Algerian corsair (c. 1770–1815)

Hamidou ben Ali, known as Raïs Hamidou (الرايس حميدو), or Amidon in American literature (c. 1770 - June 17, 1815), was an Algerian Admiral. As a state-sanctioned pirate and slaver he is credited with capturing up to 200 ships during his career. He was one of the last powerful Algerian figures prior to the French invasion.

== Origins ==
He was the son of a man named Ali. According to some sources, his father was an artisan tailor in Algiers.

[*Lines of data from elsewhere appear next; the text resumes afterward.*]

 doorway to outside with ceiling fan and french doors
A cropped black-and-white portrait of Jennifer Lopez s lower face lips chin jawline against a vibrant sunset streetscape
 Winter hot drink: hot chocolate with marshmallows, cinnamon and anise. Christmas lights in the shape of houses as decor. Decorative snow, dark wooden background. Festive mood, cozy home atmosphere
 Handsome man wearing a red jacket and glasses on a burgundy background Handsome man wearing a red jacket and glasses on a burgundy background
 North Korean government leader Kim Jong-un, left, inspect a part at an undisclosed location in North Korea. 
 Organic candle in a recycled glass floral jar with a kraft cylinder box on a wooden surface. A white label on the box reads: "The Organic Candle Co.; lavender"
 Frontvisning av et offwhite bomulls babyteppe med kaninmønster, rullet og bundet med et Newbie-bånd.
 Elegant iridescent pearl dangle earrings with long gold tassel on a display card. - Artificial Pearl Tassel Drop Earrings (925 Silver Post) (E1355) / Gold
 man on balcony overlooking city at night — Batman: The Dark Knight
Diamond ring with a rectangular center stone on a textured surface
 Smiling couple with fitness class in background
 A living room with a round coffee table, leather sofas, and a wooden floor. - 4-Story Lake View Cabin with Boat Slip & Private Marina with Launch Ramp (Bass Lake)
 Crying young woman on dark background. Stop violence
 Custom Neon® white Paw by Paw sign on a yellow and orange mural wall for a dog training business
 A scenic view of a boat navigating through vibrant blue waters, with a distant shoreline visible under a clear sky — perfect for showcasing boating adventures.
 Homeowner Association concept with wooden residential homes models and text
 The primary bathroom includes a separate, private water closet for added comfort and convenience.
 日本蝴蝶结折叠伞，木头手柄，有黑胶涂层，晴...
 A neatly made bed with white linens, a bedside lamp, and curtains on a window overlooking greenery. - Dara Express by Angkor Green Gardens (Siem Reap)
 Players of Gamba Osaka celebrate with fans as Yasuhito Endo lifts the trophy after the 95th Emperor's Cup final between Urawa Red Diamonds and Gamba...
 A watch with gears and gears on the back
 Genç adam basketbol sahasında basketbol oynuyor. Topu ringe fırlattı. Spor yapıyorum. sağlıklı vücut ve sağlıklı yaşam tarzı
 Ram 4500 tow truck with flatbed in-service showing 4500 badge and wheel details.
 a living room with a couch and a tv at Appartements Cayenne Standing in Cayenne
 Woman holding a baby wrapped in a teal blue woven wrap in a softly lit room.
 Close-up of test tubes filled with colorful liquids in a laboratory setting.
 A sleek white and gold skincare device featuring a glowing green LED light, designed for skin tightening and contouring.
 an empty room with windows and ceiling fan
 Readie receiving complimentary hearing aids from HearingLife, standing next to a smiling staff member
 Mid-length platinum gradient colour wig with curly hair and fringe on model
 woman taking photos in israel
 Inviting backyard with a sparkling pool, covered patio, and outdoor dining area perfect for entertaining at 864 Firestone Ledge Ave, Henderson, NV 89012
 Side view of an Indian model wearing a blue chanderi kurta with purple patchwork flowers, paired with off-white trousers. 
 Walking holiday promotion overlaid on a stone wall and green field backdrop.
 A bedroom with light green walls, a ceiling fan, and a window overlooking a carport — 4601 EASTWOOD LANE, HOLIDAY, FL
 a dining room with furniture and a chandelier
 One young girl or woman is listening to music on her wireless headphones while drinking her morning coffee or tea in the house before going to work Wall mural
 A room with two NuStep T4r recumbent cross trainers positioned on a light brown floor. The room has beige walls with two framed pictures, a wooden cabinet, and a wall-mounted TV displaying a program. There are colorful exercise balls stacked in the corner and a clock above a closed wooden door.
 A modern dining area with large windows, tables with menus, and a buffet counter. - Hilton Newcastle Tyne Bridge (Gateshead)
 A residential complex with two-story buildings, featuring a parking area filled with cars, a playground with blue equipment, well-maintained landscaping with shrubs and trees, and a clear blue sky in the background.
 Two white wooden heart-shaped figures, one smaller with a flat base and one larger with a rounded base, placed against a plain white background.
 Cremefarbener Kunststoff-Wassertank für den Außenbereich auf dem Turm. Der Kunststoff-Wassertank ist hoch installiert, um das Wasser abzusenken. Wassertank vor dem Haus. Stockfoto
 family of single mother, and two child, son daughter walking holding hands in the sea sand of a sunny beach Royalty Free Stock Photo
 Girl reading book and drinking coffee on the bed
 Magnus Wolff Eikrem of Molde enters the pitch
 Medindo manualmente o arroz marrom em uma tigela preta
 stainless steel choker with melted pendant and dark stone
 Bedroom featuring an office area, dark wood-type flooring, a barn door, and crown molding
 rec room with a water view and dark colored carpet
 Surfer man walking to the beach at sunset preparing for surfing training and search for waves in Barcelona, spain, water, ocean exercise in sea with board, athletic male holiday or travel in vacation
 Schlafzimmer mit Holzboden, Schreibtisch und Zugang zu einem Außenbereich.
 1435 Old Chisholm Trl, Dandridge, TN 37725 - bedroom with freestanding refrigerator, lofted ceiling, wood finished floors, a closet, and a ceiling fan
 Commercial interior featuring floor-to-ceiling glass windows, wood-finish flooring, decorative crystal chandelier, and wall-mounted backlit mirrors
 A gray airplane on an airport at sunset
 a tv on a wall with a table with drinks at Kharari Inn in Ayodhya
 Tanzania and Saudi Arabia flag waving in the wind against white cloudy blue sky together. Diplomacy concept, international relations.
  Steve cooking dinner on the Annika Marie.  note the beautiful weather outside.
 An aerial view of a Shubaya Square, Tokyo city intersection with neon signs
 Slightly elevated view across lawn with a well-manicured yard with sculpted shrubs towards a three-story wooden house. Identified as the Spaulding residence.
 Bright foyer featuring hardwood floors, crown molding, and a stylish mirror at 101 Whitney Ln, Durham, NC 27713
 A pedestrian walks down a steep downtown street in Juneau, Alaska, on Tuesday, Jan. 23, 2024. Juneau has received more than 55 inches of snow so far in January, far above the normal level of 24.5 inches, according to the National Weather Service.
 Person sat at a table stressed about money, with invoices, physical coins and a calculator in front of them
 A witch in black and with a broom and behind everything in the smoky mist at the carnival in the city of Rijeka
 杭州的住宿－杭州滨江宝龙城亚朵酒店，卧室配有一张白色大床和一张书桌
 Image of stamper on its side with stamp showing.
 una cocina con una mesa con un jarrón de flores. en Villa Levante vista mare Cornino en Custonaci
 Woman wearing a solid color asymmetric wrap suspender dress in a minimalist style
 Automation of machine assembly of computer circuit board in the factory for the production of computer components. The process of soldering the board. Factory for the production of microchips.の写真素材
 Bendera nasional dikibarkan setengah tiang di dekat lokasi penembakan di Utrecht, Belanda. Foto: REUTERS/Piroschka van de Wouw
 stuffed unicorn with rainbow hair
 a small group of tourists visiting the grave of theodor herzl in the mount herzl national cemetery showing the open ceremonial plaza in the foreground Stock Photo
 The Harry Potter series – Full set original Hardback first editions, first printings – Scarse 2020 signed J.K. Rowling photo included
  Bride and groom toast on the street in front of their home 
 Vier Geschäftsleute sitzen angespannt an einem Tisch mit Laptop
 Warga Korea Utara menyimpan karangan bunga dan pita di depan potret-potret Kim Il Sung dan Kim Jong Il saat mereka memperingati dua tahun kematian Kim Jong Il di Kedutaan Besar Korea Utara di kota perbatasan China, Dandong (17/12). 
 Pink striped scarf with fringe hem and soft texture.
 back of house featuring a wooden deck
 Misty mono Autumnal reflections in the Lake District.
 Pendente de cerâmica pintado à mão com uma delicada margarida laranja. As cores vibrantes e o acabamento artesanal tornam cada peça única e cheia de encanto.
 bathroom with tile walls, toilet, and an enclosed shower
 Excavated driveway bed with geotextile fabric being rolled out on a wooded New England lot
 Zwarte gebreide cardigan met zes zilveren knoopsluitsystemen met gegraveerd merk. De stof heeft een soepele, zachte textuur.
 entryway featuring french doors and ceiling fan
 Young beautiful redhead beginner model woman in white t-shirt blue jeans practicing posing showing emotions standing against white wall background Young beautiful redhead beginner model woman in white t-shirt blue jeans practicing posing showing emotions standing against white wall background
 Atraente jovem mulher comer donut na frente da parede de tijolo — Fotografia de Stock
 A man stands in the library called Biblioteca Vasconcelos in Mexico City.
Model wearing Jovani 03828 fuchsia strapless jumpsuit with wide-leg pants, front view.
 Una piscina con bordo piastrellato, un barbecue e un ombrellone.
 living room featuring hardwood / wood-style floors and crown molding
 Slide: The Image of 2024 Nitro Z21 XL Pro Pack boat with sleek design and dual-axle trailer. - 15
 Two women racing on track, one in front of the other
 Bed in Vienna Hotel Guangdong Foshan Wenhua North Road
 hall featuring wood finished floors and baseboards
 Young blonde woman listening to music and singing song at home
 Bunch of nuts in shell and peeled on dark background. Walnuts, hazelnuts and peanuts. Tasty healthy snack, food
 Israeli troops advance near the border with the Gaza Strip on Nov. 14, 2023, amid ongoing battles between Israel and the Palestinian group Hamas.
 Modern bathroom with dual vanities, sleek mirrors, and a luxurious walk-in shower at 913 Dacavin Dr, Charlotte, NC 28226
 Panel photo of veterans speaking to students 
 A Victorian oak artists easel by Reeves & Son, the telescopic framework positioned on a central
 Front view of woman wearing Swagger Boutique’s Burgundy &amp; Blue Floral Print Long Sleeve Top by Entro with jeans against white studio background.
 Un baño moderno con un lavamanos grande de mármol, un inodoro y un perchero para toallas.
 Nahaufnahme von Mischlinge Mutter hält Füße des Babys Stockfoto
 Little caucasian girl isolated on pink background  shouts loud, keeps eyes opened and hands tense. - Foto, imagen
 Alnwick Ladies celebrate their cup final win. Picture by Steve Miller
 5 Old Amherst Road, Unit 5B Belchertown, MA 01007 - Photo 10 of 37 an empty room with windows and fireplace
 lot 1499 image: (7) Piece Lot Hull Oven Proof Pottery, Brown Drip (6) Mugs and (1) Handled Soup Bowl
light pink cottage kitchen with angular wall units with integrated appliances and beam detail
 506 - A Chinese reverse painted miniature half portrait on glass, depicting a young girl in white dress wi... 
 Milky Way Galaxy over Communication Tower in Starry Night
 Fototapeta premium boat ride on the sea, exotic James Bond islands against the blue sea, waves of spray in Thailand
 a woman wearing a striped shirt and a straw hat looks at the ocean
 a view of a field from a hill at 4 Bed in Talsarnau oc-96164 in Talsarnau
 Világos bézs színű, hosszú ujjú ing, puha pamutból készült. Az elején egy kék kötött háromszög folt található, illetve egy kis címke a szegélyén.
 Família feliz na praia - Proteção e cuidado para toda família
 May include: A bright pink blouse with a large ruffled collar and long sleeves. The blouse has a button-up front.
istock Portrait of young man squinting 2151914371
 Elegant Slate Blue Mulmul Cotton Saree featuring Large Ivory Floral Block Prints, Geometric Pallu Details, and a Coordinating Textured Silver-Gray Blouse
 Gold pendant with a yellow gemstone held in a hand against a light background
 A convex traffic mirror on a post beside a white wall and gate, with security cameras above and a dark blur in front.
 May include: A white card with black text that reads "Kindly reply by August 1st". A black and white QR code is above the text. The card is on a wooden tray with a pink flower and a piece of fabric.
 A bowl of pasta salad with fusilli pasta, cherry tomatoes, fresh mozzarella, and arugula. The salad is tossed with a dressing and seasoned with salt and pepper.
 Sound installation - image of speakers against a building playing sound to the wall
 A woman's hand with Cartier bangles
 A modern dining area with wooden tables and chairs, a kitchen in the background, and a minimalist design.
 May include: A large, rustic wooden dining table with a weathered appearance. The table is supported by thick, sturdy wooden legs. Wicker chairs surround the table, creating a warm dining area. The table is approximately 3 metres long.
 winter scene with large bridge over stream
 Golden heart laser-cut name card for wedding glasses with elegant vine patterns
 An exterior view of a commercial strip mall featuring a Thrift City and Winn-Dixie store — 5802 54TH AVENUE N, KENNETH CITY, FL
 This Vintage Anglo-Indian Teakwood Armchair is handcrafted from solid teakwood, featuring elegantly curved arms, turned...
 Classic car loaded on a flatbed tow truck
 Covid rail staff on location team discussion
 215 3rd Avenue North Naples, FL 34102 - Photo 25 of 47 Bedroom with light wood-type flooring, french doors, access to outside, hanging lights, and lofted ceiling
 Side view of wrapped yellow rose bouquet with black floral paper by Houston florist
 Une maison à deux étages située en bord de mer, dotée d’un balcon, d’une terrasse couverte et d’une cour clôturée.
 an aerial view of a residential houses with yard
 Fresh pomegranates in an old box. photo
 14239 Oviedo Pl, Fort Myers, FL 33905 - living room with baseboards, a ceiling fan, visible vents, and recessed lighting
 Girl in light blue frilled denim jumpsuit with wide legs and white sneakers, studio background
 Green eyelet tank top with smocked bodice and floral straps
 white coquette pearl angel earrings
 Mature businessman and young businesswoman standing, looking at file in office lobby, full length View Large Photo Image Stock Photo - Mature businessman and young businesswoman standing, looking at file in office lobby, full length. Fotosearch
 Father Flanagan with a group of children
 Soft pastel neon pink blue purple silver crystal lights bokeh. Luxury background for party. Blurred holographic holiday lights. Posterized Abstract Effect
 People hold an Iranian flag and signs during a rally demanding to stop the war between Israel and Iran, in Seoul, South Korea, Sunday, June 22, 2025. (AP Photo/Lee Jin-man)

According to documents discovered by the archivist Albert Devoulx, Hamidou "belonged to a class of Arabs settled in the cities for a more or less long time, which the Europeans called Moors".

At age 10 he started working aboard a pirate ship commanded by Raïs Memmou as a cabin boy. There he learned many different things, and he gained much experience from it.

== Career as Rais ==
There are no documents on the activity of Raïs Hamidou during his early years as a pirate captain in Algiers, but we can assume that he was under the tutelage of an older privateer, and that he was doing his apprenticeship. After passing the exam set by the taifa des raïs (a council of pirate captains of Algiers), he was allowed to become a raïs himself. His first success came shortly after his appointment, when he successfully guided his ship from seemingly certain defeat at the hands of a much larger Spanish foe.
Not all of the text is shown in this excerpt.